Data was analysed by ‘intention-to-treat’ analysis. Outcome variables were reported by either their means or medians and with ranges or standard deviations. Statistical comparisons at 0 and 12weeks were performed using Student’s t-test for continuous variables and Pearson Chi-squared tests for categorical variables. IFN-g responses pre- and post-treatment between baseline 25-(OH)hydroxy vitamin D levels and TB severity groups were compared using the Kruskal-Wallis non-parametric test. A two-sided p value of<0.05 was considered significant. Data was analysed using SPSS version 17.0. An interim safety analysis looking for differences in mortality was carried out with the institutional research office at 3months. No differences in mortality rates were identified between the two study groups.

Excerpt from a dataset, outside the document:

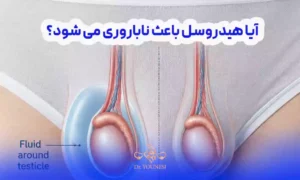 آیا هیدروسل باعث ناباروری می شود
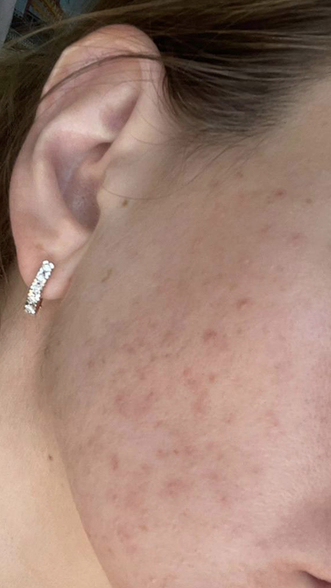 Фото ПОСЛЕ процедуры: Акне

Three hundred and thirty seven patients were screened for eligibility; 259 patients were enrolled and randomized to the 2 treatment arms; 132 in the 25-hydroxyvitamin D supplementation arm and 127 in the placebo arm, as illustrated in Figure 1. The study was conducted from October 2009 to July 2010 with enrolment of the first participant in October 2009 and last participant in April 2010. One hundred and nineteen patients in each arm completed the study with a default/dropout rate of 8.1%. Three patients died during the study period; 2 in the 25-hydroxyvitamin D intervention arm and 1 in the placebo. Deaths in the vitamin D arm included 1 due to rapidly progressive respiratory failure of undetermined etiology within 2weeks of inclusion and 1 in an automobile accident. One patient died of malaria in the placebo arm.
Baseline characteristics of the 2 study populations are shown in Table 1. The two arms did not differ significantly except for a higher number of patients with fever in the placebo arm, 49 v/s 68 (p 0.008). Mean age for the total population was 28±13.6years and 135 subjects (49.5%) had+3 AFB on sputum smear microscopy. Mean 25-hydroxyvitamin D levels for the entire population were in the ‘Insufficient’ range; 21.3ng/mL±9.78. 25 hydroxyvitamin D levels were noted to be lower in patients with greater severity of chest radiographic involvement at baseline [216 (83%) v/s 43 (16%), p 0.012], in females [67 (56.7%) v/s 49 (34.7%) had levels<20ng/mL, p 0.001] and in younger patients [p 0.004]. There were no significant associations between baseline 25-hydroxyvitamin D levels and sputum AFB load (p 0.77), or TB severity score (p 0.26). There was a trend towards greater association of haemoptysis with lower levels of vitamin D (p 0.049).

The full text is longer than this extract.